Just buy a 256GB drive and make your life waaaaaay easier.


That being said:

For instaling windows with multiple drives, you want the drive you're installing windows on to be the ONLY drive connected to the computer at that point, or else there's a sizable chance it'll put data on the other drives. With only the SSD plugged in, install windows, install all drivers, install your updates... THEN go plug the other drives in, go into hardware manager, and format and...
You're going to be wasting your money.

You won't be able to tell the difference in speed between a single SSD and two SSDs in RAID. On top of that, running in RAID 0 doubles your chance of totally losing everything, AND SSDs get faster the larger capacity they get.

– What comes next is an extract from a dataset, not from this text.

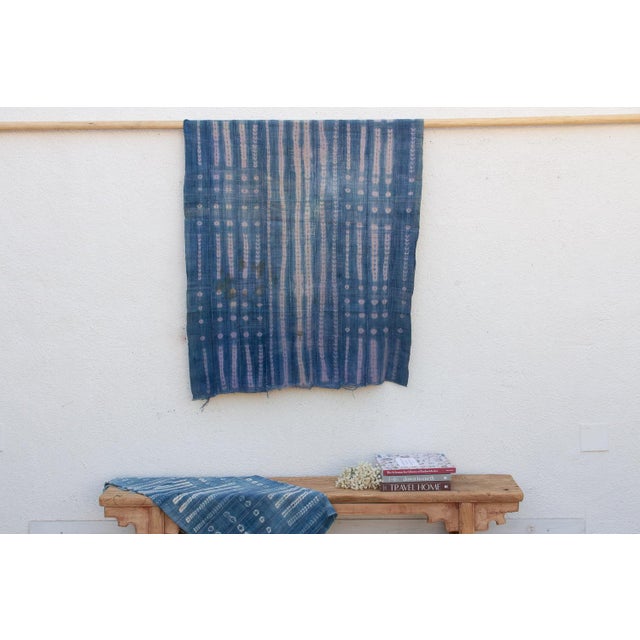 A masterwork of Malian textile heritage featuring deep indigo saturation and symbolic geometric motifs. Originating from...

Just buy a 256GB drive and make your life waaaaaay easier.


That being said:

For instaling windows with multiple drives, you want the drive you're installing windows on to be the ONLY drive connected to the computer at that point, or else there's a sizable chance it'll put data on the other drives. With only the SSD plugged in, install windows, install all drivers, install your updates... THEN go plug the other drives in, go into hardware manager, and format and initialize them.